Jay Bruce is in the midst of a career year, no doubt. His offensive numbers are impossible to write off as the result of a fluke season.

They are, however, quite deceiving. His .259 batting average, combined with his impressive power numbers – 26 home runs and a .552 slugging percentage – along with his National League-leading 83 RBI, are all promising statistics for a player the Mets will hope to front the team’s offense.

And that, precisely, is the problem: that the Mets anticipate Jay Bruce to take over and lead the Mets’ lineup both in the interim while Yoenis Cespedes is on the DL, and next year too.

So get used to Jay Bruce in the three-hole, Mets fans. And get ready for an absent Yoenis Cespedes.

Here’s a reality check: Yoenis Cespedes is all but guaranteed to opt out of the remaining two years and $47.5 million on his contract. Instead, he will depart in free agency for the power-hungry team most willing to give him five or more years.

That’s where Cespedes should go, and that’s where he will go.

The Mets, for their own reasons, will in all likelihood not be that team.

And, as stated, there are reasons. You’d have to start with those arms: from Matt Harvey and Jacob deGrom to Noah Syndergaard and Steven Matz, the Mets will owe an immeasurable amount of money – at least at this point the cumulative number seems impossible to pinpoint – to its precious pitching staff.

Cespedes will be 31 in October.
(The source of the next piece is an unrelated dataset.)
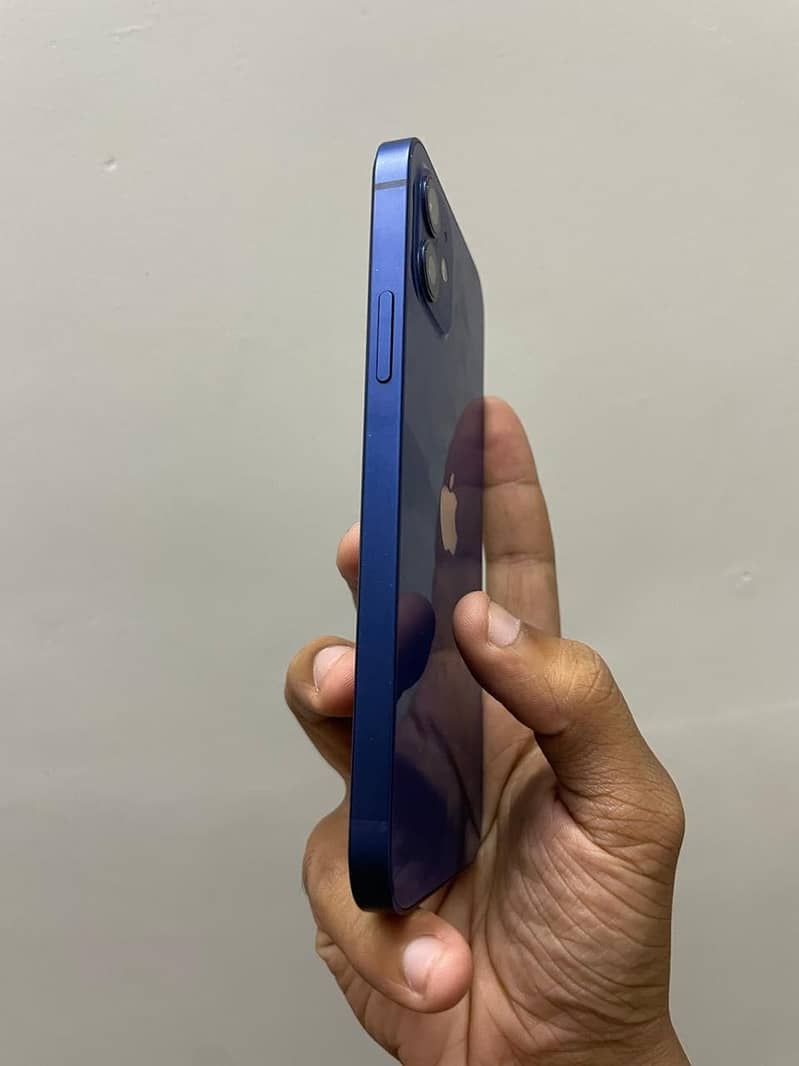 Apple iPhone 12 3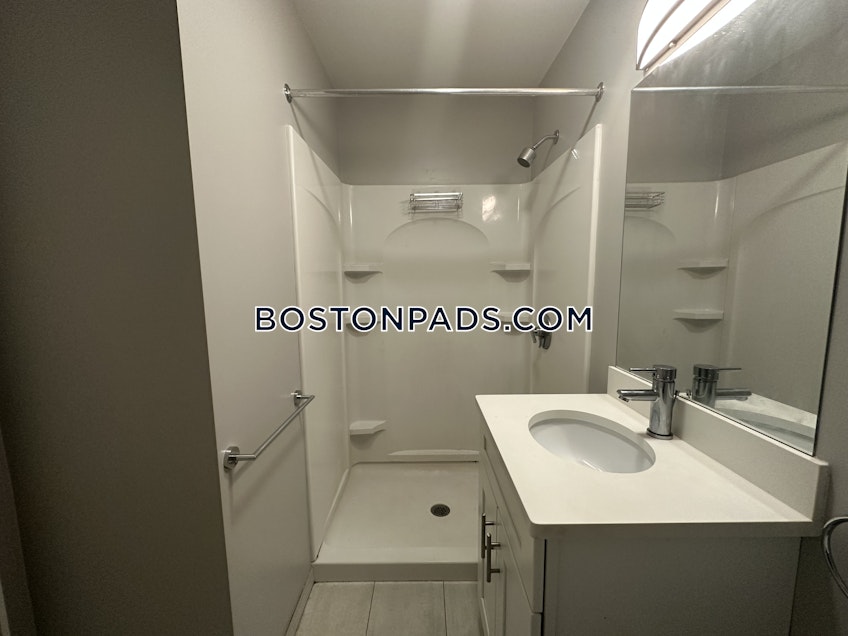 Lynn - $1,900+ /month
So, reasonably enough, the Mets would prefer to preserve the war chest for the likes of its pitching, a group engulfed with youth.

Here’s the more compelling reason the Mets will allow Cespedes to walk: a 29-year-old left-handed hitting right fielder named Jay Allen Bruce.

Bruce, acquired on August 1 at the MLB Trade Deadline, is Mets fans’ consolation prize for letting Cespedes go.

If all goes according to these predictions, the Mets will fall back on Bruce to supplant the Cuban slugger’s production in 2017.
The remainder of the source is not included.